*Records to use*.
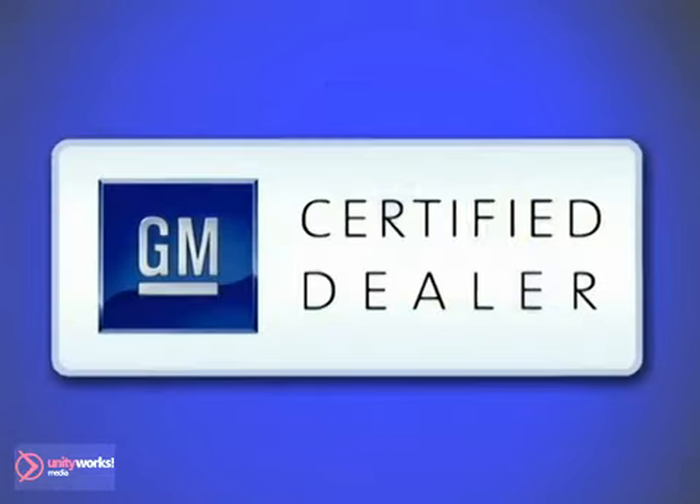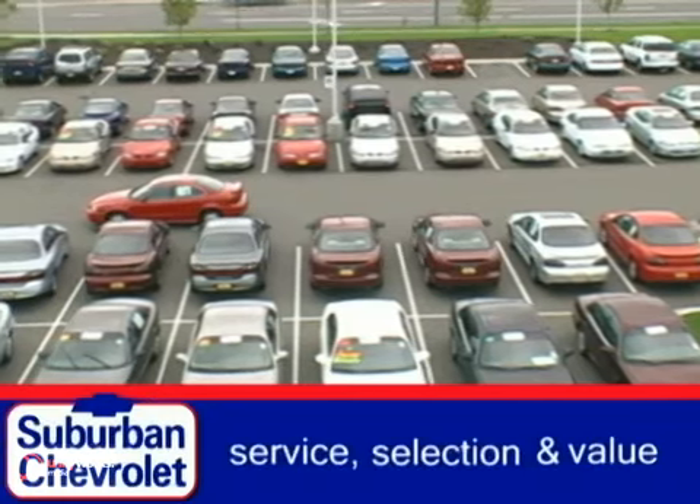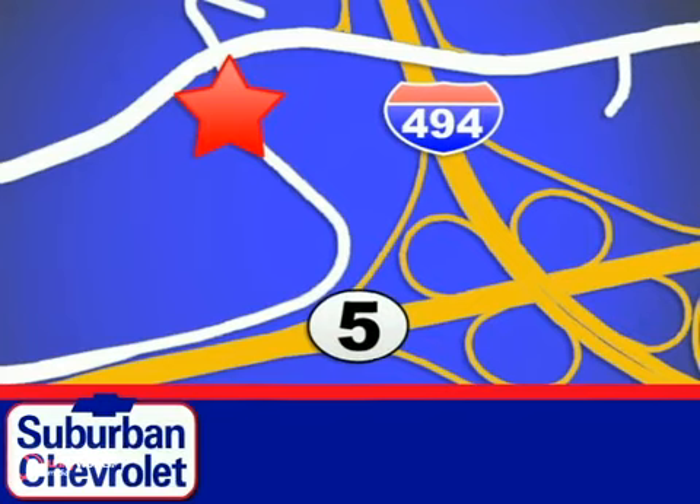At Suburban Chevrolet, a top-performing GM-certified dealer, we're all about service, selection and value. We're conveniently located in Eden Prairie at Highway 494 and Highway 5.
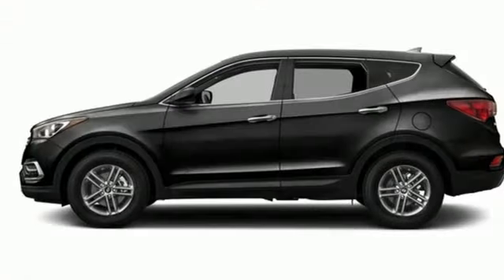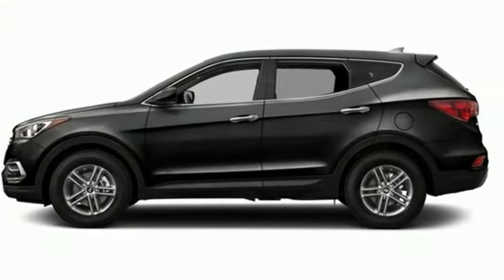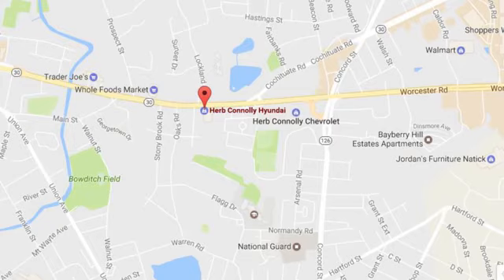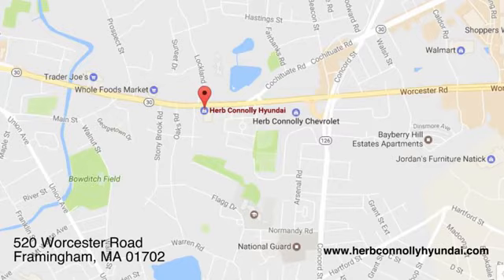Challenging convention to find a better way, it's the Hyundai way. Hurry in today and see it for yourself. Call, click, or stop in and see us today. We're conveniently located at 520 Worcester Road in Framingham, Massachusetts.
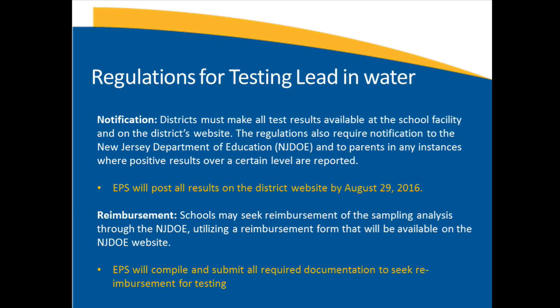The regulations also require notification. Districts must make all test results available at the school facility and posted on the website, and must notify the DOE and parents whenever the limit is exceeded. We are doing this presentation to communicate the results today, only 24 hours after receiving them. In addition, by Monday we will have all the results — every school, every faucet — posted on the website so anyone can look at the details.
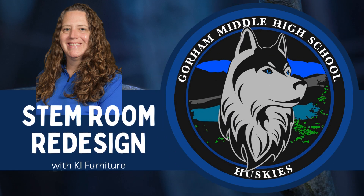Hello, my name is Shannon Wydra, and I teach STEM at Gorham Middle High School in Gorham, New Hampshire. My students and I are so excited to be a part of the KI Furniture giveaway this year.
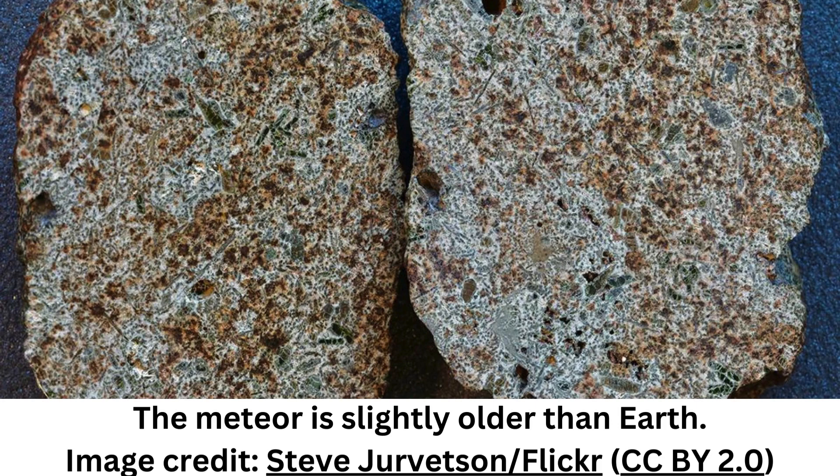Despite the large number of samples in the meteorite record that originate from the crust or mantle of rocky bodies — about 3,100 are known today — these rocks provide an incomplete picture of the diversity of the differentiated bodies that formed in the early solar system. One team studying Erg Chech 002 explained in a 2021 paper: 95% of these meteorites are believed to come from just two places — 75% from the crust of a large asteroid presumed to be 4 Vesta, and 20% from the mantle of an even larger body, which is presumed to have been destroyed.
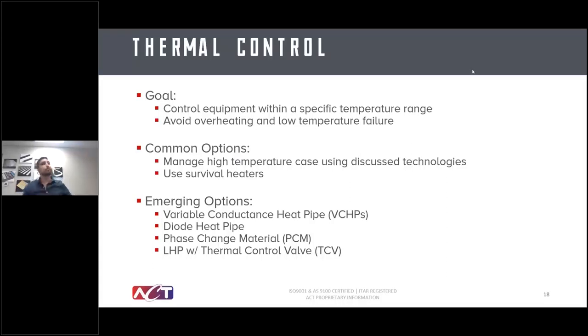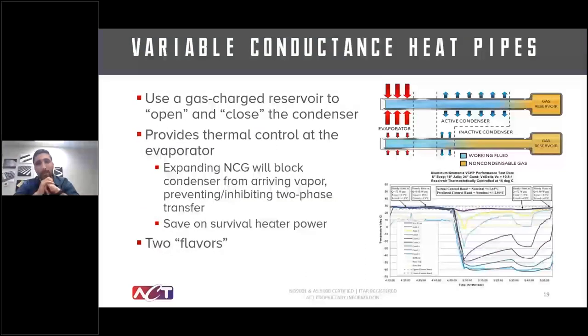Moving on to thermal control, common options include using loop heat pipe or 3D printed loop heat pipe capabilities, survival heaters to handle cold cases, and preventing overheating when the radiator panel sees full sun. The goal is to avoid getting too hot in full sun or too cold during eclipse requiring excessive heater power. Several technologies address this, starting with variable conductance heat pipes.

*What this task involves*. The copy runs from the line containing "Despite the large" through the last line of the material, both ends included. Reproduce those lines exactly and drop the pictures.

*Output*.
Despite the large number of samples in the meteorite record that originate from the crust or mantle of rocky bodies — about 3,100 are known today — these rocks provide an incomplete picture of the diversity of the differentiated bodies that formed in the early solar system. One team studying Erg Chech 002 explained in a 2021 paper: 95% of these meteorites are believed to come from just two places — 75% from the crust of a large asteroid presumed to be 4 Vesta, and 20% from the mantle of an even larger body, which is presumed to have been destroyed.
Moving on to thermal control, common options include using loop heat pipe or 3D printed loop heat pipe capabilities, survival heaters to handle cold cases, and preventing overheating when the radiator panel sees full sun. The goal is to avoid getting too hot in full sun or too cold during eclipse requiring excessive heater power. Several technologies address this, starting with variable conductance heat pipes.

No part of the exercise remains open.